I'm pretty sure the immediate motivation is testing of D119508, but yes, if there was another feature request for something like this, then it makes sense to implement it more fully.

lldb/test/Shell/SymbolFile/DWARF/x86/debug_loc.s
40–41

Ok, I see where you're coming from. You're essentially saying that the fact that the dwarf plugin does not fill this out is a bug.

I don't think that's the case. My interpretation was (and this comment confirms it) that an empty range here means the entire enclosing block. (Also, DWARF was for a long time the only symbol file plugin, so what it does is kinda "correct by definition").

I don't think we want to change that interpretation, as forcing a copy of the range in the location list would be wasteful (it would be different if this was an interface that one could query, and that the dwarf plugin could implement by consulting the location list). However, since the dwarf class does not actually make use of this functionality (it was added to support DW_AT_start_scope, then broken at some point, and eventually removed), we do have some freedom in defining the interactions of the two fields (if you still want to pursue this, that is).
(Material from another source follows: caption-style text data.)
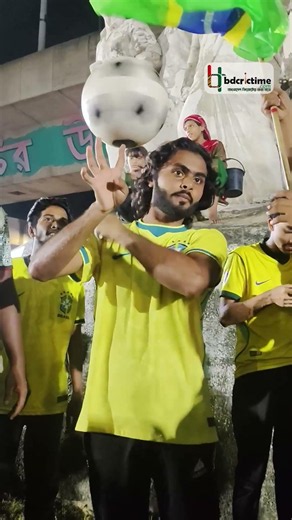 ব্রাজিলের পতাকা, তার উপর লাঠিতে ঘুরছে ফুটবল কিংবা আঙুলে বল ঘুরানোর চোখ ধাঁধানো স্কিল ভক্তের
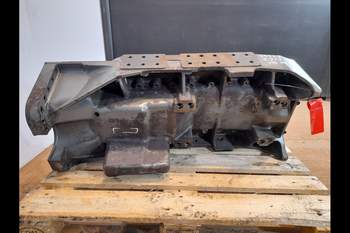 salg af Bundkar Valtra T213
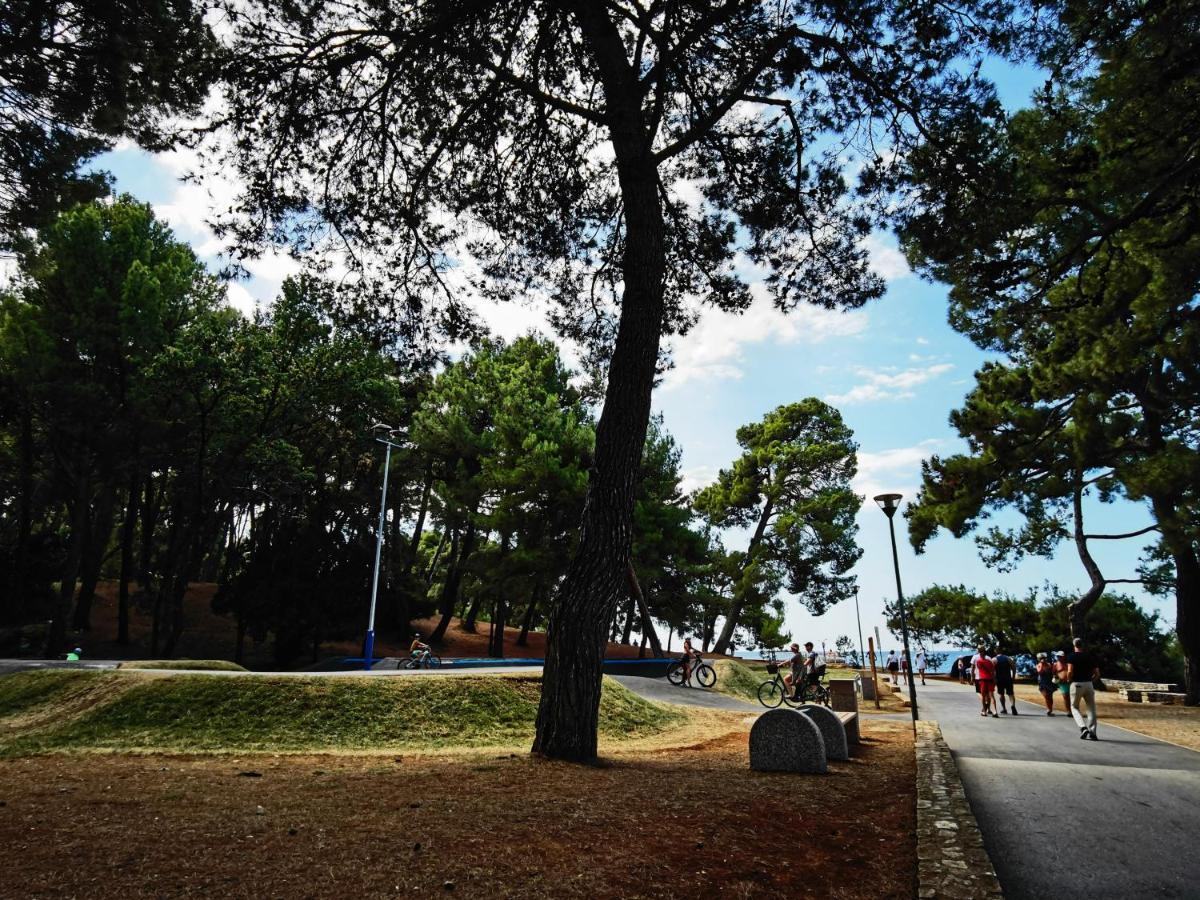 Stay In The Very Heart Of Porec - 50M To The Beach エクステリア 写真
So how about this: if the user passes the extra flag, then we print both the range field (if it exists), and the *full* location list (in that order, ideally). That way the output will be either range = [a, b), [c, d), location = DW_OP_reg47 or location = [a,b) -> DW_OP_reg4, [c,d) -> DW_OP_reg7. If the dwarf plugin starts using the range field again then the output will contain both fields, which will be slightly confusing, but at least not misleading (and we can also change the format then).

zequanwu added inline comments.Feb 18 2022, 5:55 PM
lldb/test/Shell/SymbolFile/DWARF/x86/debug_loc.s
40–41

Oh, I think I misunderstood m_scope_range. It's the range list where the variable is valid regardless whether its value is accessible or not (valid range). As for m_location in Variable, it's describing the ranges where the value is (value range). They are not the same.

So, currently how NativePDB creates local Variable's range is not correct. That only works when it's not optimized build such that the valid range is the same as the value range. It still need to create dwarf location lists to correctly represent the value range, but as mentioned here, we need to choose a generic "variable location provider" interface for that.

labath added inline comments.Feb 20 2022, 11:34 PM
lldb/test/Shell/SymbolFile/DWARF/x86/debug_loc.s
40–41

Oh, I think I misunderstood m_scope_range. It's the range list where the variable is valid regardless whether its value is accessible or not (valid range). As for m_location in Variable, it's describing the ranges where the value is (value range).

Yes, that was my initial assumption as well, and I think that is the only interpretation in which it makes sense to have two sources of range information for a variable. However, I've done some research since then, and I haven't found any compiler or debugger which would model the program sufficiently precisely to be able to make that distinction.

There are definite limits as to how far you can go with pdb using these abstractions, but given they (the m_scope_range) exist, I think you could make use of them (as you've done now), if they are sufficient for your current use case. That said, I would definitely encourage you to create a better abstraction for providing the location information for a variable.

zequanwu updated this revision to Diff 410679.Feb 22 2022, 5:08 PM
  • Use -show-variable-ranges/-R single/all to dump single addres range that contains the querying address or all address ranges. It seeme like I can't use non-printable character like \\x01 to omit short option when it takes a parameter, so -R is used as abbrev "range".
  • Refactor DWARFExpression::GetLocationExpression.
zequanwu added inline comments.Feb 22 2022, 5:29 PM
lldb/test/Shell/SymbolFile/DWARF/x86/debug_loc.s
40–41

I think you meant to replace DWARFExpression with a more generic interface which has the same functionalities as DWARFExpression. That seems a lot work, especially on DWARFExpression::Evaluate.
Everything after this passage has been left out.